Rama Sithanen a laissé entendre que les banques devraient répercuter ce taux sur leurs clients en leur offrant des taux d’épargne plus attractifs. Il s’est dit confiant que la capacité de remboursement de la dette des ménages et des entreprises, qui était déjà solide avant la hausse des taux, devrait continuer à l’être. « Notre objectif reste la stabilité des prix, le MPC a voulu s’assurer que nous ne négligeons aucun effort pour fournir les remparts appropriés contre une éventuelle baisse de notre roupie », dit-il, ajoutant que « nous voulons nous assurer que les attentes en matière d’inflation soient solidement ancrées et que les pressions sur le taux de change soient contenues à Maurice. »
Rama Sithanen a donné la garantie que le comité de politique monétaire prendra les décisions appropriées compte tenu des circonstances auxquelles l’économie du pays sera confrontée et que gagner la bataille contre l’inflation et rétablir la stabilité des prix constituent les principales priorités.
Passant en revue la situation économique, il fait état de la croissance du PIB de 5,1 % en 2024, tirée principalement par la construction, l’hébergement et la restauration, le transport et l’entreposage, l’information et la communication, des activités financières et d’assurance et du commerce de gros et de détail.
Du côté de la demande, la consommation intérieure a continué de croître régulièrement tandis que l’investissement s’est amélioré dans un contexte de dépenses plus élevées dans la construction résidentielle et non résidentielle.
L’écart de production est resté positif en 2024, contribuant ainsi aux pressions inflationnistes.
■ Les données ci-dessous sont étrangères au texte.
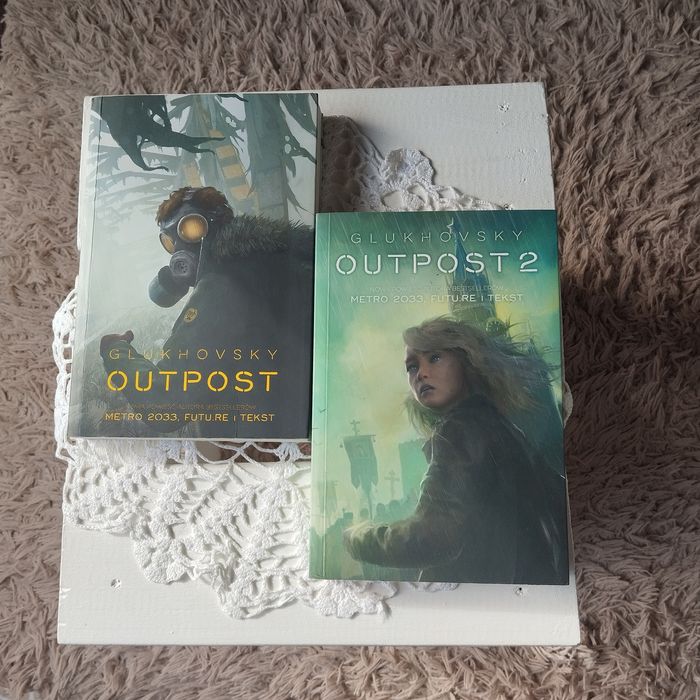 Outpost 1-2 Dmitry Glukhovsky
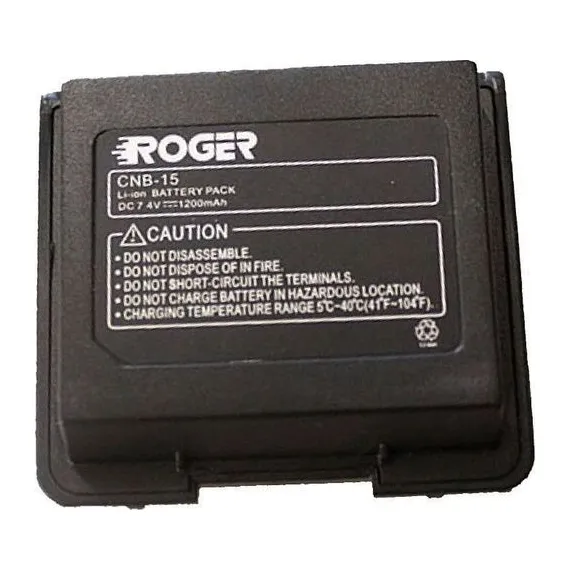 Аккумулятор Roger CNB-15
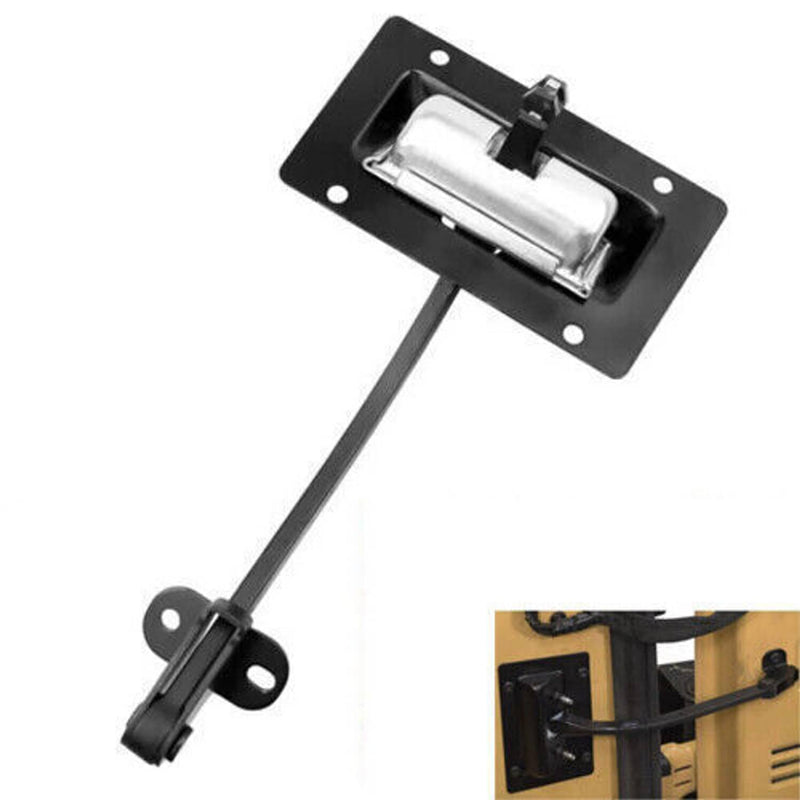 Tailgate Check Strap Retaining Arm for Jeep Wrangler JK Rear Door Gate 2011-2019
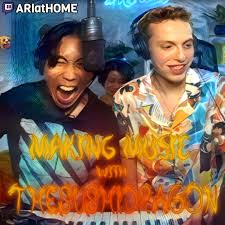 Stream ARIatHOME | Listen to (06-13-22) Making Music With TheSushiDragon  playlist online for free on SoundCloud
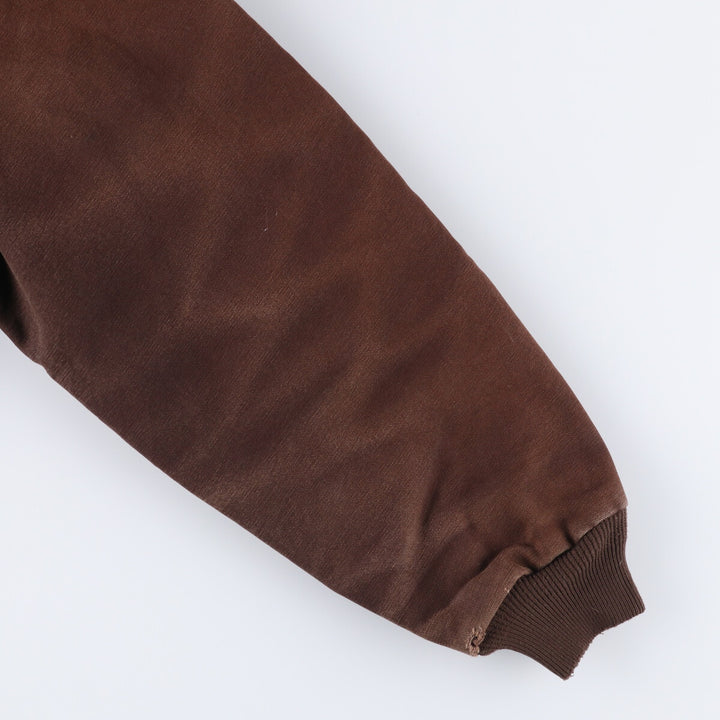 Carhartt Active Jacket Duck Full Zip Parka Men's L size / eaa524505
La dynamique du marché du travail s’est améliorée au troisième trimestre 2024. La hausse des salaires n’a pas été proportionnelle aux gains de productivité et cela est susceptible, selon lui, d’accentuer les pressions inflationnistes.
Le déficit de la balance courante devrait s’aggraver pour passer à 5,4 % du PIB en 2024, contre 4,6 % en 2023, principalement en raison d’un déficit commercial croissant, compensant la hausse des recettes touristiques et l’excédent du compte de revenus primaires. Il met en garde contre le fait que « les exportations continuent de susciter de vives inquiétudes. En termes de volume, les exportations nationales, c’est-à-dire les exportations totales hors provisions de bord et hors banques, sont en baisse. »
Parallèlement, le volume des importations a augmenté de manière significative, reflétant en partie la forte demande intérieure. Les réserves officielles internationales brutes du pays s’établissant à 8,5 milliards de dollars américains à fin décembre 2024, ce qui représente 13,3 mois de couverture des importations. La banque centrale prévoit une croissance du PIB variant entre 3,5 et 4 % en 2025.
D’autre part, le gouverneur a évoqué la situation de l’inflation dans le monde. Il estime par ailleurs que la guerre commerciale provoquée par les différentes mesures annoncées par la nouvelle administration américaine pourrait impacter le taux de change national alimentant ainsi l’inflation par le canal des prix importés. La Banque Centrale prévoit que l’inflation clôturera l’année 2025 au-dessus de l’objectif médian de 3,5% soit à 3,7 %. Il craint toutefois qu’avec une éventuelle guerre commerciale mondiale qui se profile en 2025, l’inflation nationale ne se révèle plus élevée que prévu actuellement.
La BoM a également mis en œuvre une série de mesures en vue de contenir la dépréciation de la roupie à compter de la mi-novembre 2024. Ainsi, le taux de change de la roupie est resté globalement stable depuis décembre 2024, malgré le renforcement significatif du dollar américain sur le marché. « La roupie s’est appréciée par rapport à l’euro de 1,9 % et par rapport à la livre sterling de 2,7 % », relève Rama Sithanen.